The coal itself is meant to supply Indian power plants with enough coal to generate electricity for up to 100 million people, after it is processed through the Abbot Point Coal Terminal, off the coast of Bowen in north Queensland. This way, the coal will provide processing jobs in Queensland, Australia.
The jobs relating to this mine are an important point, and it is a major reason why the Queensland Government, the Australian Govenrment, and many Australian businesses support the expansion of the mine. The Adani Group predicts the first stage of construction will provide more than 500 positions, mainly for planners and engineers. Once operational, the Group estimated the mine will provide 2,500 to 3,000 full-time jobs. The Adani Group has estimated the entire project will create 10,000 jobs through direct and indirect employment.
However, in 2015, Adani Consultant Dr Jerome Fahrer told the Land Court in Brisbane the mine would actually create fewer jobs. He gave a net figure of 1,464 – about 15% of what the Adani Group has been stating – and the court accepted this estimation.

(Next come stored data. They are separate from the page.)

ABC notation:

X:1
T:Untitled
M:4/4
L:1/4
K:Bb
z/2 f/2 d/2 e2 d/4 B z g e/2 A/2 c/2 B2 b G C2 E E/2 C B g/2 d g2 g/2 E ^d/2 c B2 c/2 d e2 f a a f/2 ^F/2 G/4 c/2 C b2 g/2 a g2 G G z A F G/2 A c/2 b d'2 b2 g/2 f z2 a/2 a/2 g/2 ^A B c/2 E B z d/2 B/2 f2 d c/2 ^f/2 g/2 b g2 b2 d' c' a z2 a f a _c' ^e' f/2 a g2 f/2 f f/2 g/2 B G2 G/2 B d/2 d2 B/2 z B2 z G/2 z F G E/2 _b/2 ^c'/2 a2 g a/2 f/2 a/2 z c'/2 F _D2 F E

Why was the court involved in the first place? At that time (December 2015), Coast and Country, a community conservation group from Queensland, took the project to the land court to try to stop the Queensland government from issuing Adani's mining leases and approvals. The environmental group was concerned that the expansion of the mine would threaten black throated finch populations, damage ground water from nearby springs, contribute to climate change, and that the economic benefits would be less than those forecast by Adani.

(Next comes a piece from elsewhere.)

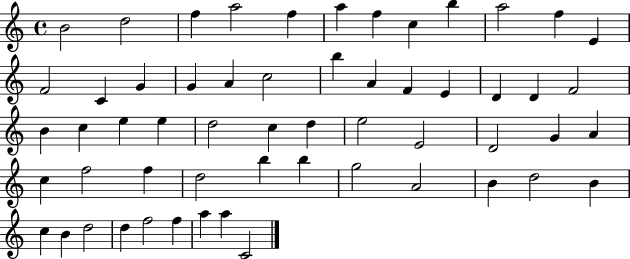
B4/h D5/h F5/q A5/h F5/q A5/q F5/q C5/q B5/q A5/h F5/q E4/q F4/h C4/q G4/q G4/q A4/q C5/h B5/q A4/q F4/q E4/q D4/q D4/q F4/h B4/q C5/q E5/q E5/q D5/h C5/q D5/q E5/h E4/h D4/h G4/q A4/q C5/q F5/h F5/q D5/h B5/q B5/q G5/h A4/h B4/q D5/h B4/q C5/q B4/q D5/h D5/q F5/h F5/q A5/q A5/q C4/h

The environmental groups are getting better and better at battling the coal mine project. By now, it is supported by the activist group GetUp!, has a $1 million budget, nine full-time staff including polling and social media experts, and hundreds of volunteers. In response to their actions, Adani have tried to get the Australian Prime Minister to introduce a law that would not allow activists from taking legal action against them. The environmental groups, including the Australian Conservation Foundation, are launching a campaign targeting 13 marginal coalition seats in Queensland, NSW and Victoria. The campaign uses cutting-edge and traditional tactics, contacting voters by telephone, advertising, and a social media. In addition, by challenging their socially responsible image with a satirical video, the environmental group SumOfUs targeted Westpac bank, to join a many other financial institutions who refused funding for the $22 billion project.
On the other hand, local politicians, such as the Mayor of Rockhampton, Margaret Strelow, see the mine as a business opportunity that needs to be grabbed. Adani is holding a roadshow explaining the mine and its effects on the local economy, and 300 local businesses attending are keen to get involved. This also means jobs for locals, and economic growth, at least for a few decades.
Some issues to notice and pay particular attention to here are…
- The effects of the environment on organisation
- The external environment of the organisation
- Customer responsiveness
- Managerial responses
Consider the following questions for discussion…
- Figure 2.1 on page 30 describes the organisation through a system view. How would you describe the elements which are relevant to the Adani Group? To the Australia Government and Queensland Government? And the environmental groups?
- Figure 2.2 on page 32 of your textbook lists the elements of the organisation’s specific environment, and describes them in detail on pages 39-43. If you were a manager in Adani Group, the Queensland Government, or the environmental groups, which of these elements would you be particularly attuned to these days? Why? How would they affect your daily work?
- What businesses and organisations would be affected by the expansion of the mine? Which ones would be affected favourably and which ones would be damaged? Keep in mind that tourism is an important sector in Queensland, and the expanding mine is said to damage the Great Barrier Reef.
- How would you, as a manager of a business that is strongly affected by the condition of the Great Barrier Reef, prepare for the predictions?